▶ The problem:
Under no circumstances alter the records; copy each one exactly.

------ Data extracts

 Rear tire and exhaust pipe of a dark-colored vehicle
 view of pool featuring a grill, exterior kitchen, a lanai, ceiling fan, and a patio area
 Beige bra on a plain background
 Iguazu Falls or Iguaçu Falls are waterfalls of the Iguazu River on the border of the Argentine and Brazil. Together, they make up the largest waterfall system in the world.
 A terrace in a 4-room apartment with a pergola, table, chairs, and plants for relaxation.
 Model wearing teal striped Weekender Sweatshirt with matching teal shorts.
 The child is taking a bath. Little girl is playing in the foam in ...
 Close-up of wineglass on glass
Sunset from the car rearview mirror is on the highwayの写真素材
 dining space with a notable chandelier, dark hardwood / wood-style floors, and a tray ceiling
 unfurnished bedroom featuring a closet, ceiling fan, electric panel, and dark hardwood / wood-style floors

------------

▶ Solution below:
 Rear tire and exhaust pipe of a dark-colored vehicle
 view of pool featuring a grill, exterior kitchen, a lanai, ceiling fan, and a patio area
 Beige bra on a plain background
 Iguazu Falls or Iguaçu Falls are waterfalls of the Iguazu River on the border of the Argentine and Brazil. Together, they make up the largest waterfall system in the world.
 A terrace in a 4-room apartment with a pergola, table, chairs, and plants for relaxation.
 Model wearing teal striped Weekender Sweatshirt with matching teal shorts.
 The child is taking a bath. Little girl is playing in the foam in ...
 Close-up of wineglass on glass
Sunset from the car rearview mirror is on the highwayの写真素材
 dining space with a notable chandelier, dark hardwood / wood-style floors, and a tray ceiling
 unfurnished bedroom featuring a closet, ceiling fan, electric panel, and dark hardwood / wood-style floors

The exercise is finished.